Что касается сна — это совершенно нормальная реакция организма на приглушенный свет и смену темпа. В сон начинает клонить чаще всего на пятнадцатой минуте спектакля, но буквально через десять гипнагогических минут вы очнетесь полным сил и любопытства к происходящему.
В свою очередь театр, отказываясь от сюжетности и литературности, стал активнее принимать на вооружение методы современного искусства. Так «перформанс» и «спектакль» стали синонимами. Разница только в том, что спектаклем действительно можно назвать любое публичное представление (хоть «Remote Moscow» Rimini Protokoll, хоть детское шоу в Театре кошек), а вот у перформанса есть ограничение. Пока что, к примеру, не принято называть перформансами консервативные постановки старых театров, это прозвучит смешно: «Перформанс для всей семьи — „Ревизор“ в Малом театре».
Сейчас полно талантливых и успешных режиссеров, которые продолжают рассказывать истории и делать ставку на актеров — например, Кристиан Люпа, Робер Лепаж или Константин Богомолов. Но они все равно работают в контексте постдраматического театра. То есть их приверженность актерам и сюжету — сознательное решение, а не выбор по умолчанию.
Концепцию постдраматического театра сформулировал в одноименной книжке немецкий театровед Ханс-Тис Леман. Книга вышла в 1999 году, пять лет назад ее перевели на русский язык.
Если во время интерактивного спектакля вам стало некомфортно, вы всегда можете выйти из игры — перед началом действия организаторы рассказывают, как это сделать (обычно надо просто поднять руку).
Популярность интерактивного театра связана, видимо, с появлением нового зрителя, который привык к интернету и видеоиграм и не хочет просто наблюдать. Если вам это интересно, сходите на любой спектакль независимого продюсера Федора Елютина.
Так что иммерсивные проекты бывают разные. Есть такой, где вы просто час заполняете анкеты. Как ни странно, он один из самых интересных. Называется «Questioning / Кто ты?».
Возможно, вы просто не смотрели хороших читок и «разговорных» спектаклей. Попробуйте послушать подкаст «Стереотеатр» от онлайн-радио «Глаголев FM» и фестиваля молодой драматургии «Любимовка» — по сути, те же читки пьес, только гораздо удобнее.

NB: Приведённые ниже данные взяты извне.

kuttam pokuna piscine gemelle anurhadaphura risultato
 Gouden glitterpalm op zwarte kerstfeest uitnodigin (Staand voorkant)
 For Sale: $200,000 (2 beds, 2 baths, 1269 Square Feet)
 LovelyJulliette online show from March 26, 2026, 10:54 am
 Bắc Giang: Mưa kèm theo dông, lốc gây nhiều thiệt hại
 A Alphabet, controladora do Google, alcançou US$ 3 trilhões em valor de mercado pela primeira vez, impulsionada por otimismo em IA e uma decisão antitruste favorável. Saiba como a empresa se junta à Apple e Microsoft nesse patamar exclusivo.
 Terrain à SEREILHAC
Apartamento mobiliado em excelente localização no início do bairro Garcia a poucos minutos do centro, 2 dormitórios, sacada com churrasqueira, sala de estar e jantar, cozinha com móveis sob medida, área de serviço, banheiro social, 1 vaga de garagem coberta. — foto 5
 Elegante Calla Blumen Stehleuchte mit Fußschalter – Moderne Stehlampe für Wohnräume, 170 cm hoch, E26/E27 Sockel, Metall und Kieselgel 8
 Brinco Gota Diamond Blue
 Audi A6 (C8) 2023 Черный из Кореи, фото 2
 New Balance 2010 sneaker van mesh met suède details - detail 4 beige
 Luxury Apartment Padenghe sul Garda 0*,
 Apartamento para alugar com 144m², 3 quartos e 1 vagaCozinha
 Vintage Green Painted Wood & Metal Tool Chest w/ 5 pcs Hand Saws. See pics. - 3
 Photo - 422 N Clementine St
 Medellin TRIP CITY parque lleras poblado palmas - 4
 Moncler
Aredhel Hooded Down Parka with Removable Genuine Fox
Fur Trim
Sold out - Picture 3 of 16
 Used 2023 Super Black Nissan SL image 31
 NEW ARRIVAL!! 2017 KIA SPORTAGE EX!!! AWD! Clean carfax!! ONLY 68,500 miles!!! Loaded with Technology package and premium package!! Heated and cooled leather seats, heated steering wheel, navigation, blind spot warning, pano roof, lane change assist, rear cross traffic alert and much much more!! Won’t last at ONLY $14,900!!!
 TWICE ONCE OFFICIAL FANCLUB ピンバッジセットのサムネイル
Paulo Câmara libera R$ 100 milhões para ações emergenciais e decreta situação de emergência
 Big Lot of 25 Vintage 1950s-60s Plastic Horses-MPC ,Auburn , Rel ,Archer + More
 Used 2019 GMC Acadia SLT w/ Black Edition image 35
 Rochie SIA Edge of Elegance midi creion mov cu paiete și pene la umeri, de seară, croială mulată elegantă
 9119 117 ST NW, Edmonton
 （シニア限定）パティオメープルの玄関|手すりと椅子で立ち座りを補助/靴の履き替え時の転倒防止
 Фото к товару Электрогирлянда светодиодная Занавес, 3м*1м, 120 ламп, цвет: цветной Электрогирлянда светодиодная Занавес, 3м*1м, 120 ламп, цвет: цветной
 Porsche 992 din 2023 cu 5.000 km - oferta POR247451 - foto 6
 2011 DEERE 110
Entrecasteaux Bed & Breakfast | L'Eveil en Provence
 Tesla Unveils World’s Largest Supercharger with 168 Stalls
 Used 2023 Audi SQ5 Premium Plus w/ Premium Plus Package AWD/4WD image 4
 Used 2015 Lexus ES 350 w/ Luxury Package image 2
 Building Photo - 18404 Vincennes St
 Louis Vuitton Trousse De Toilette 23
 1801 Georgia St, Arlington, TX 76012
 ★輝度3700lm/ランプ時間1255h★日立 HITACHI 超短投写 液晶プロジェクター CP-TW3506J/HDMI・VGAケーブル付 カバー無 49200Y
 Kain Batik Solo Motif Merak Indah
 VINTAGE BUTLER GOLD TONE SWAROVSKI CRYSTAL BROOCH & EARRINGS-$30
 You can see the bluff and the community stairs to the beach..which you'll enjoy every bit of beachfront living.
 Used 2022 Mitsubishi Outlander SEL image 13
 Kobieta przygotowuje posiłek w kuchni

Только в порядке исключения время от времени появляются прямолинейные политические спектакли вроде «C(h)oeurs» Алена Плателя про волну мировых протестов или «Пятен леопарда» Татьяны Гордеевой и Екатерины Бондаренко про судебный произвол в России. В целом, обычно авангардисты современного танца создают обобщающие картины времени. В «Manger» Бориса Шармаца танцовщики до тошноты объедаются бумагой — это образ общества потребления. А в «Gala» Жерома Беля танцует толпа добровольцев с разными физическими возможностями и их отсутствием — про равноправие.
А насчет западных приемов — нет, мы не только адаптируем чужое, но и создаем свое: режиссеры Юрий Погребничко, Юрий Бутусов, Дмитрий Крымов, Константин Богомолов, московский театр кукол «Тень» или петербургский андеграундный театр «Тру» — все это явления, у которых нет аналогов в мировой практике.
Что касается собственно работы над постановками, к ней тоже стали привлекать новых специалистов: обычно речь идет о видеохудожниках, звукорежиссерах и операторах. Стоп, а операторы-то зачем? Это совершенно незаменимые люди, если вы хотите снимать спектакль в режиме реального времени — например, чтобы зритель на последнем ряду видел крупные планы актеров.
Есть даже постановки для одного человека: так называемые one-to-one performance, где один актер общается с одним зрителем. В Москве, например, продюсер Федор Елютин регулярно выпускает ремейки западных one-to-one проектов: «Твоя_игра», «Etiquette», «Сокровенное». А петербургский режиссер Семен Александровский ставит спектакли, где даже собеседника-актера нет: вы просто куда-то приходите, берете наушники и следуете инструкциям.
Что касается современного танца, его как раз больше за пределами столиц. Балет — это в первую очередь Москва и Петербург, а современный танец — Урал. В Екатеринбурге есть «Провинциальные танцы» Татьяны Багановой, в Челябинске — «Театр современного танца» Ольги Поны, а в Перми — «Урал Опера Балет» и Пермский театр оперы и балета. В последнем выходят еще и самые интересные оперные премьеры страны.